By Guest Author and Blogger, Carolyn Perpetua Astfalk
In hindsight, the coulda, shoulda, woulda, maybes are usually quite clear. Sometimes so clear they induce regret, misplaced guilt, and disappointment. And sometimes, we get an infinitesimal glimpse at the majesty of God and the how skillfully He’s knit the tapestry of our lives, His loving care ever present.
Even the hairs of your head have all been counted. (Luke 12:7)
While our summer vacations are never extravagant, our family still looked forward to a beach vacation this summer. It wasn’t an ocean beach, but merely a beach on Lake Erie. Even so, we anticipated showing the kids some place new and exploring what the city had to offer for five days.
And then my youngest son struck.
At three, his behavior is still at times wildly unpredictable and inexplicable. For some reason, one afternoon this spring, while he and his four-year-old sister were watching television, he picked up a plastic tackle box his older brother had won recently at a fishing derby and bashed it against the television screen.
I say “bash,” but I had just answered a phone call upstairs, so I didn’t witness the event. Only the result – a spiderized, pixelized display of destruction on our screen. We bought the only television we own early last year when our old cathode ray tube television finally expired.
After the initial shock and anger, the shouldas cropped up. We should’ve mounted the TV on the wall. I should’ve been in the room. The tackle box should’ve been put away.

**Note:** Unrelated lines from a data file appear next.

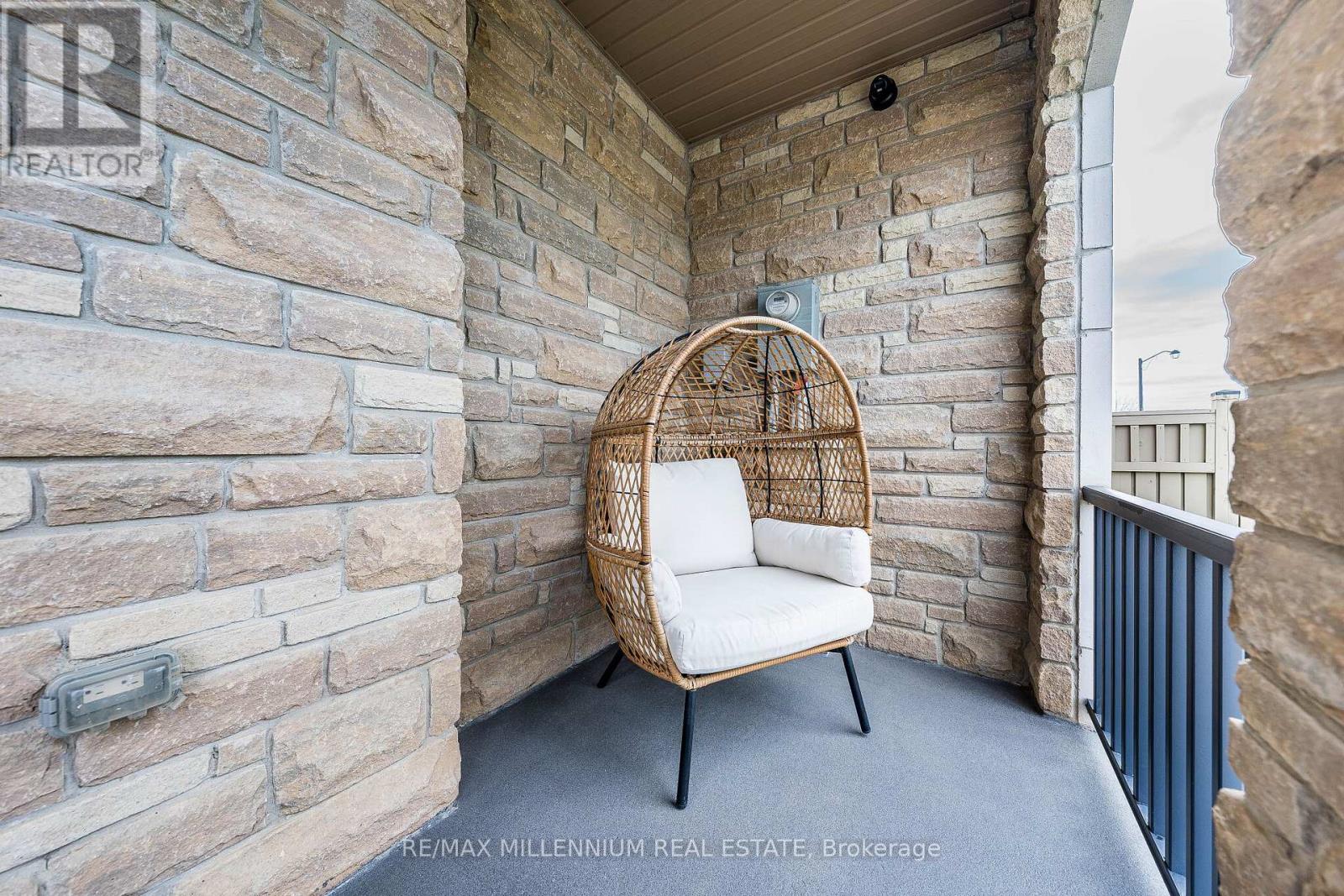 288 Barons Street, Vaughan, Ontario  L4H 3Z3 - Photo 4 - N13032866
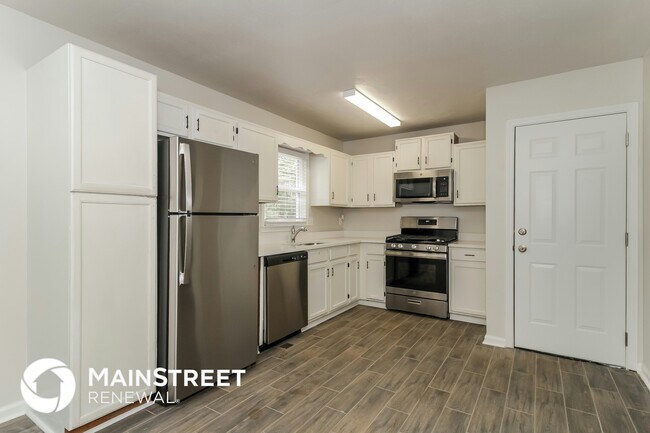 Building Photo - 175 Sumer Ln S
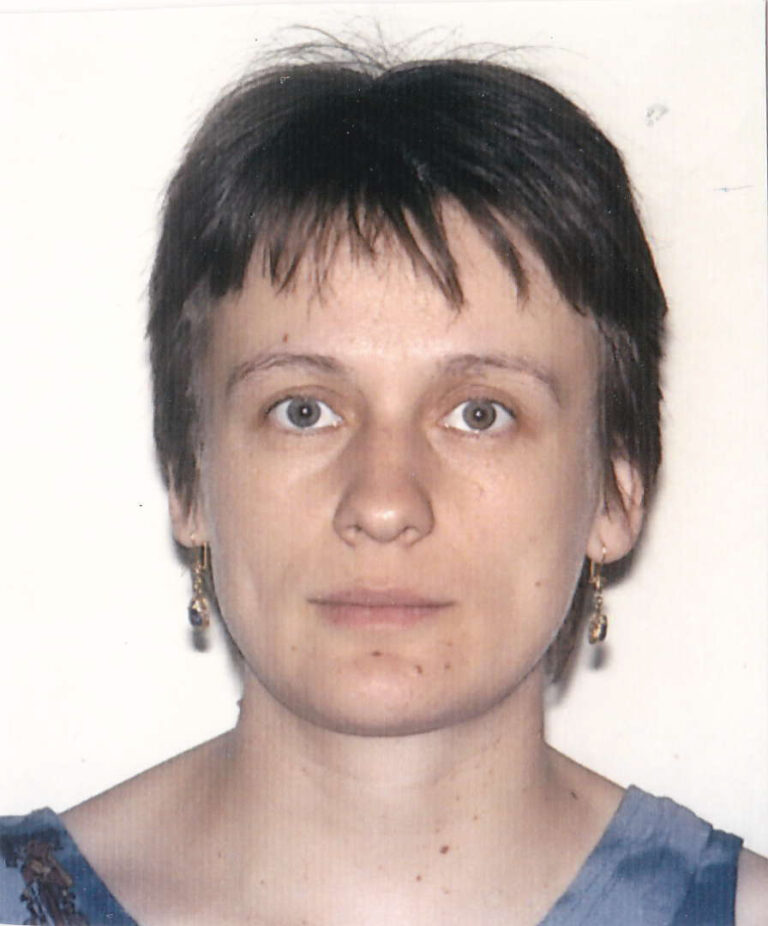 stephanie gry 1 768x926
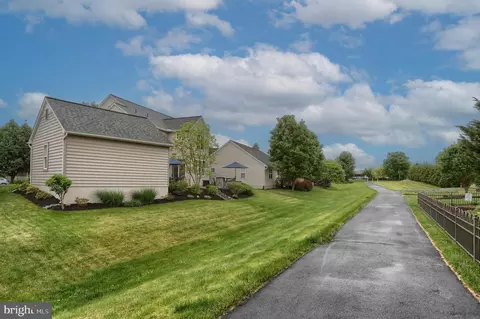 Entry Way - 1017 Sloan St, Lititz, PA 17543 photo 7 of 7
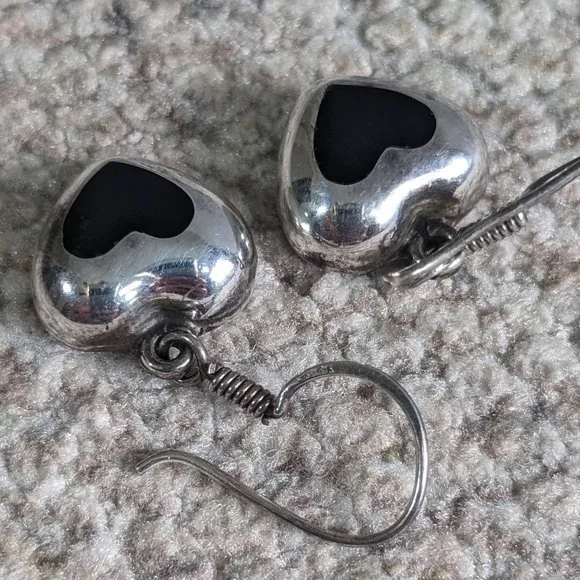 Vintage Mexican Taxco Sterling Silver Heart Charm Earrings with Black Onyx Inlay - Picture 7 of 9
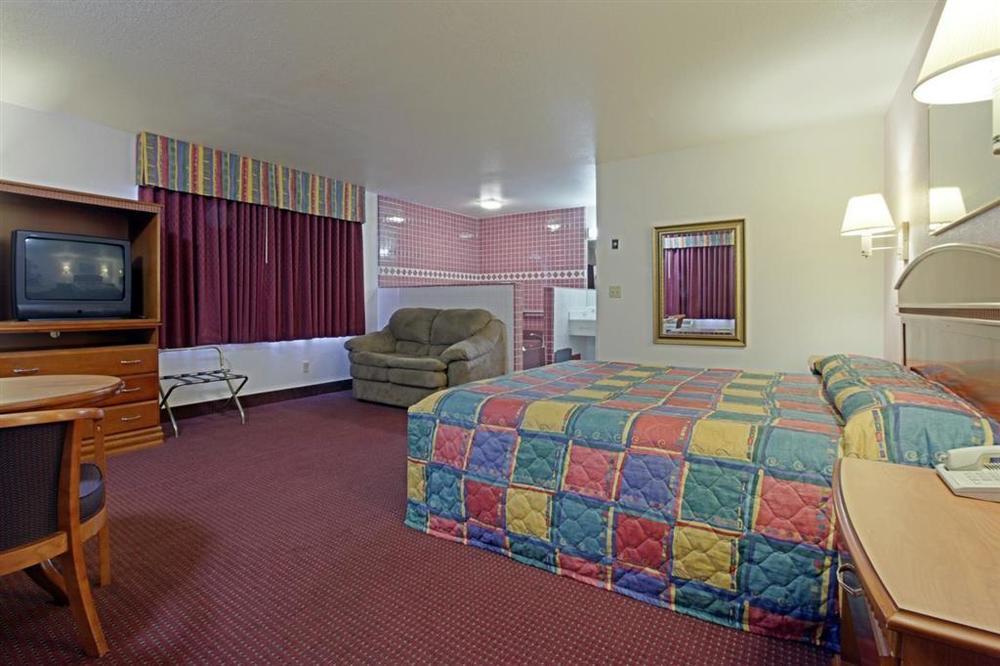 Americas Best Value Inn Pico Rivera East Los Angeles Стая снимка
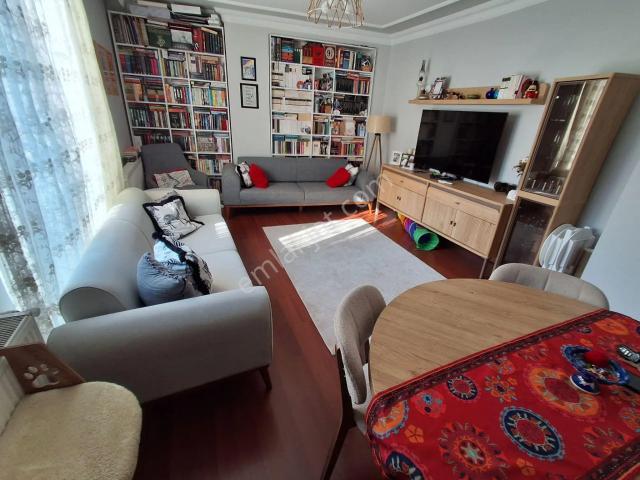 Oryaştan Ataşehir İçerenköyde Masrafsız 85m2 2+1 Arakat Daire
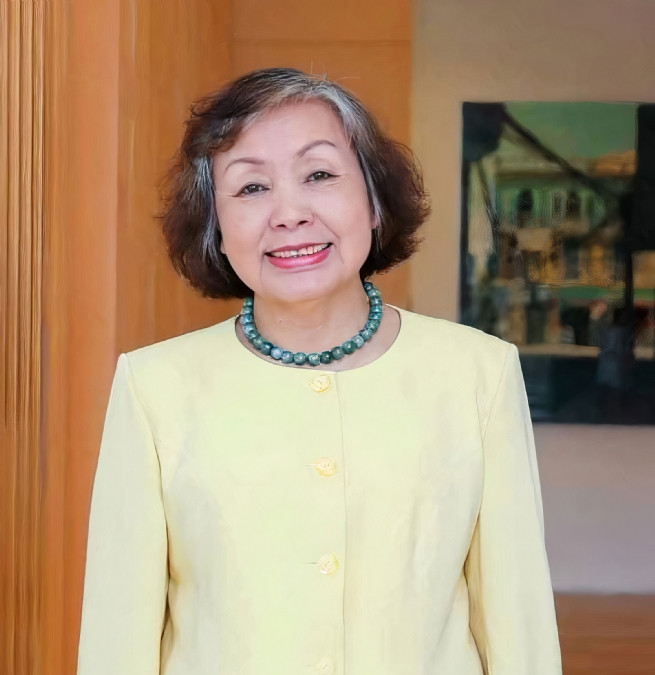 Từ một công ty may mặc, sau 3 thập kỷ phát triển Sơn Kim Group đã trở thành một tập đoàn sở hữu khoảng 11 công ty, chuyên kinh doanh 4 mảng chính như: SonKim Land (bất động sản), VGS Shop (bán lẻ trên truyền hình), SonKim Mode (thời trang), và Vissions 21 (Khai thác phim trường). Ảnh: Facebook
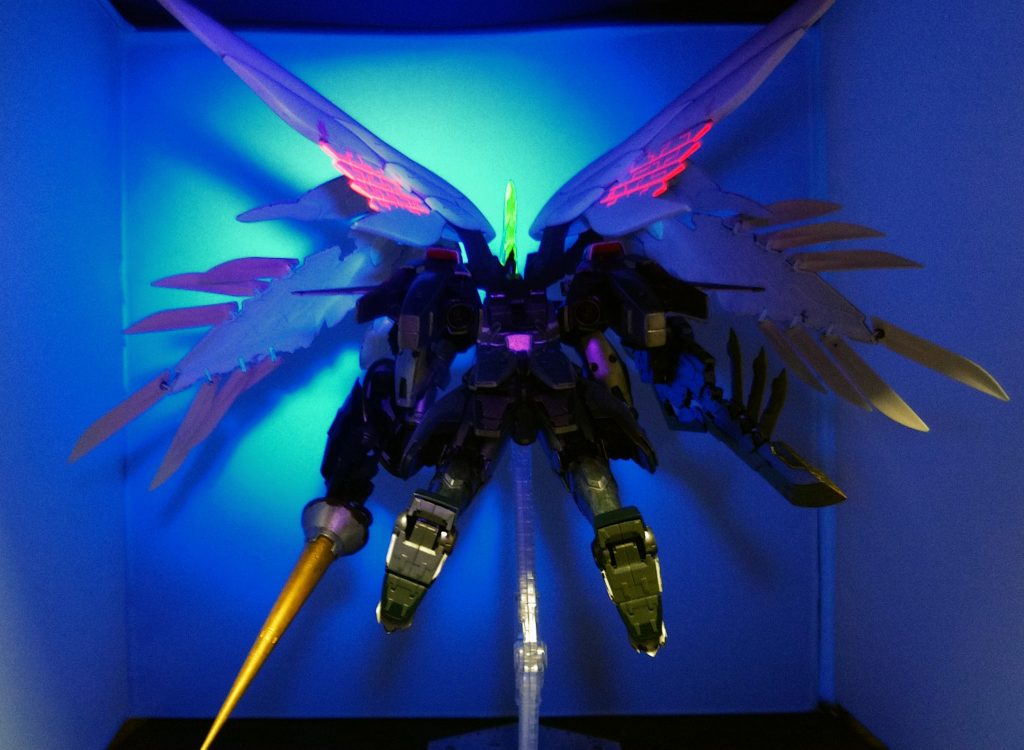 一部に蛍光塗料をつかったのでブラックライトを当てると光ります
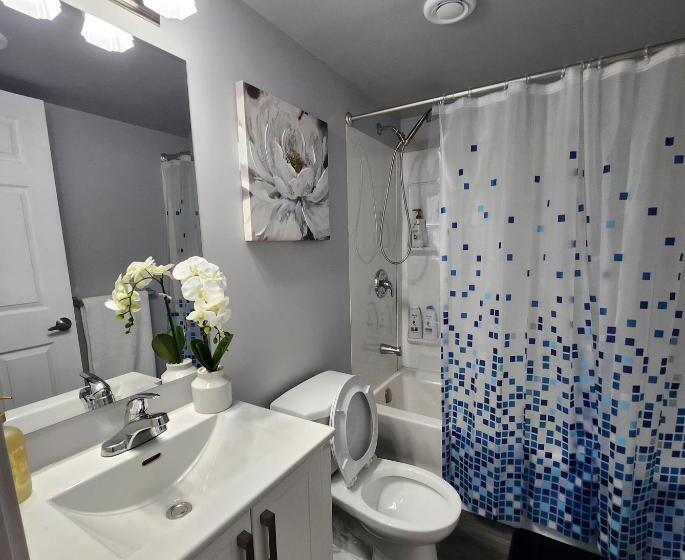 Pensionat Entire Basement Suite With Private Entrance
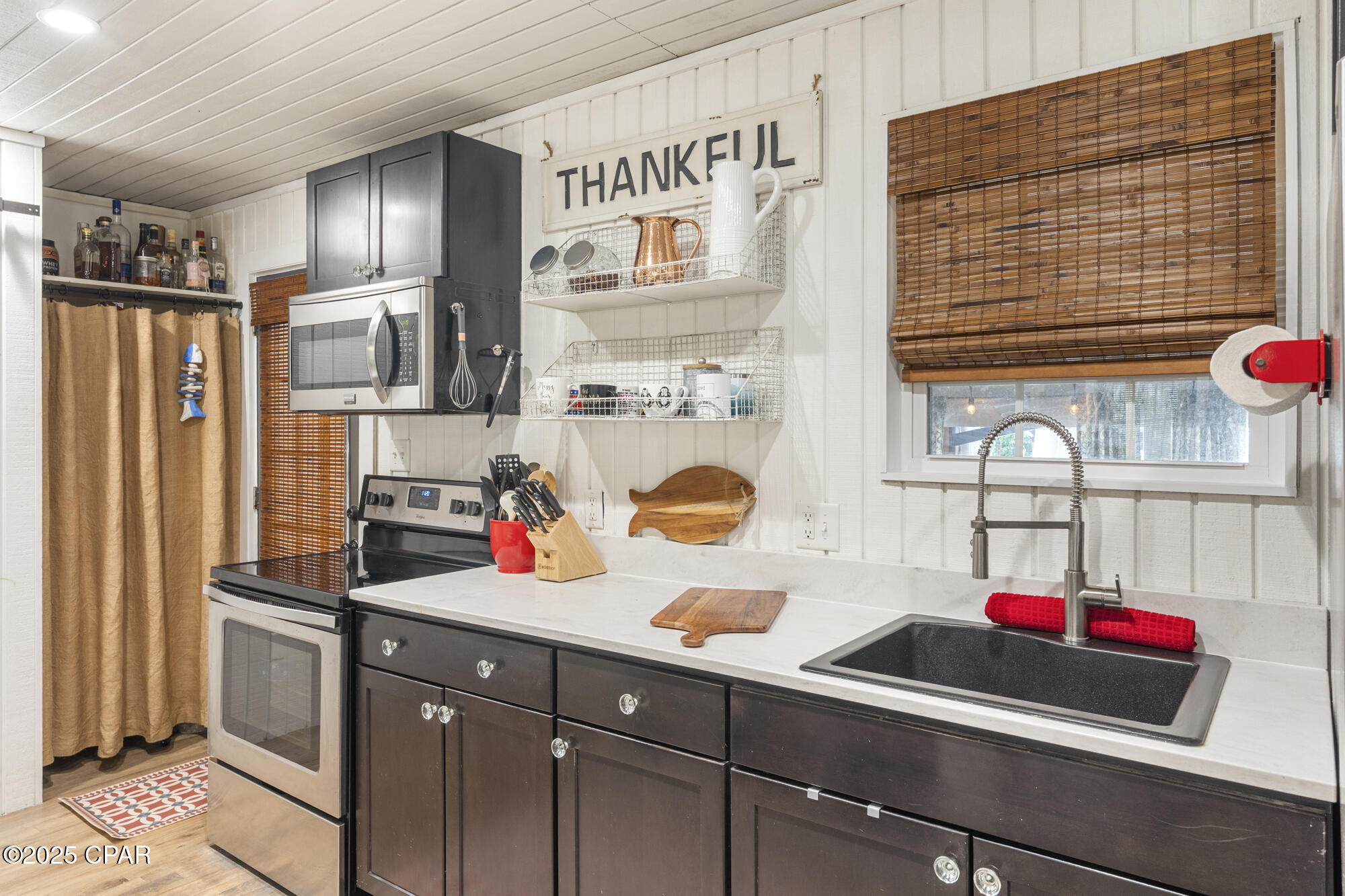 Lakeside - Residential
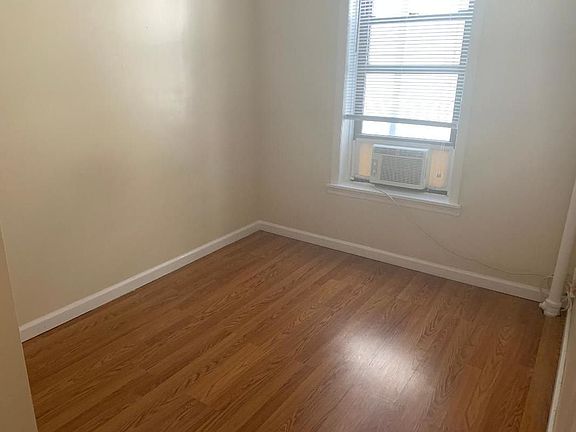 4th image of 2268 43rd St APT 1
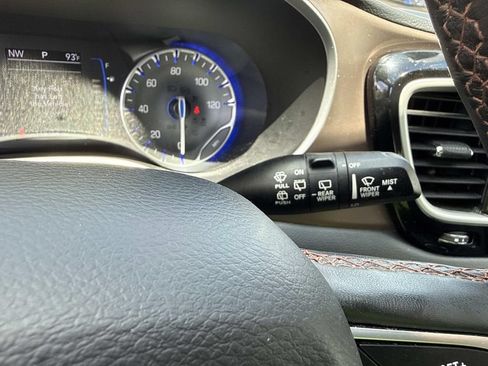 Used 2018 Chrysler Pacifica Touring-L w/ Tire & Wheel Group FWD image 35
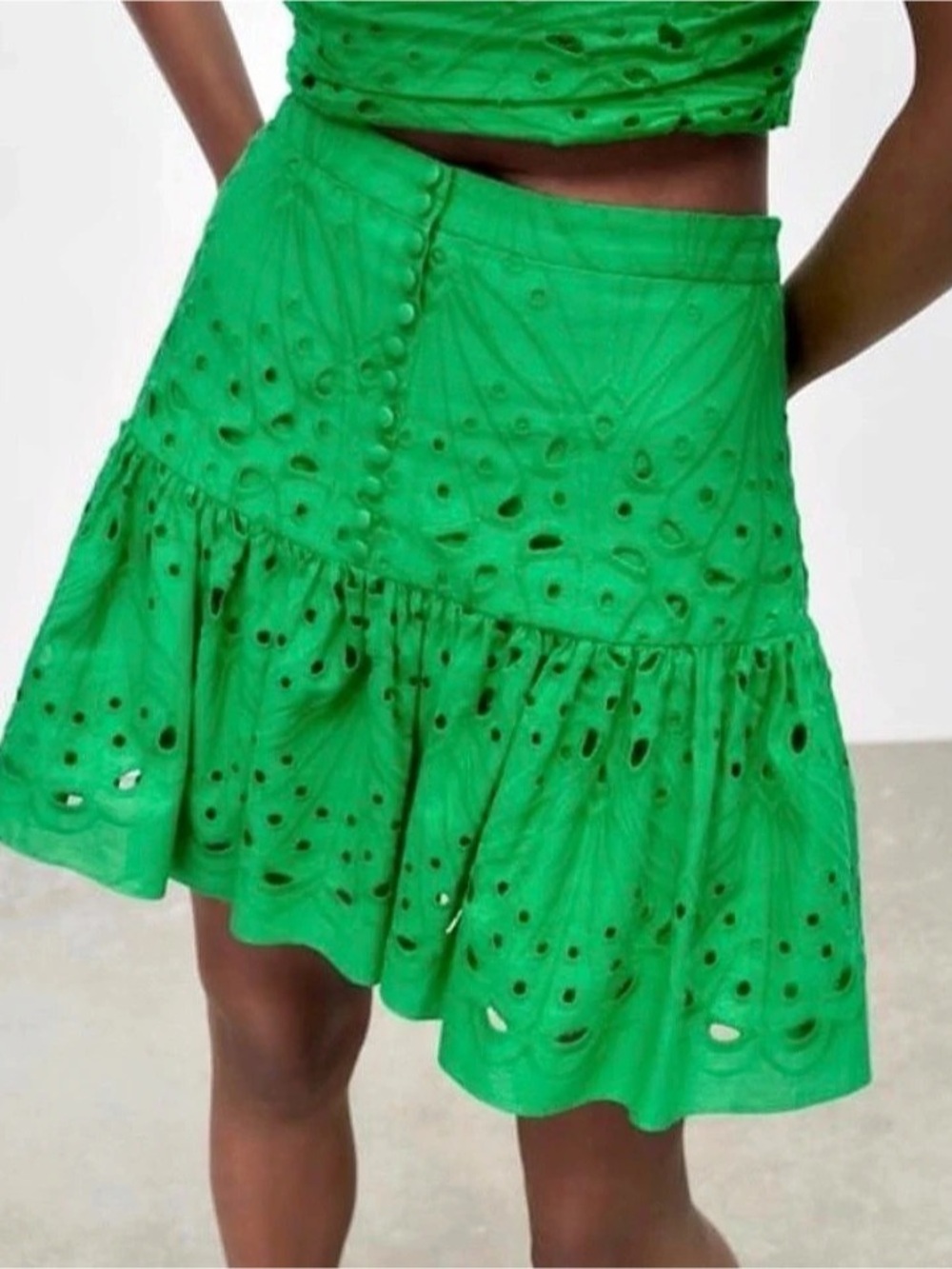 Zara Eyelet Mini Skirt in Green Size Medium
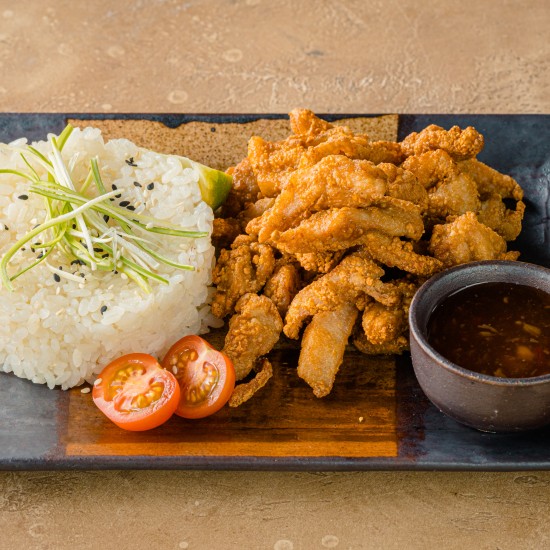 Хрустящая курица с кисло-сладкий чили соусом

Then we had the decision to make. Replace the television or not? I’ll spare you the considerations and decision-making, but in the end, we decided to replace the television at a cost that amounted to more than we estimated our low-budget vacation would cost.
With some reluctance…
We canceled our vacation plans and diverted our trip to the south of the Great Lakes to visit family in Pittsburgh and make use of our museum pass.
As part of the trip, we visited my husband’s father at the veterans center. We’d last seen him briefly at Christmas, before his move to the center, our visit cut super short by my husband’s stomach flu.
The kids enjoyed seeing PapPap and even with poor vision, PapPap clearly enjoyed his visits with them. Each child had a chance to talk to him, as did my husband and me, and we were able to tell him that we loved him and him, us.
Weeks later, his health rapidly declined. He passed away after a short hospitalization at the age of ninety.
In hindsight, I realized how blessed we were that our little boy broke our television and spoiled our plans. Had the television not broken, we would not have re-routed our destination. Had we not changed our destination, we would not have had those visits with PapPap.
Things had worked out perfectly.
Well, as perfectly as they could where the illness and death of a loved one are concerned. How inscrutable are God’s ways! How beautifully He provides for us!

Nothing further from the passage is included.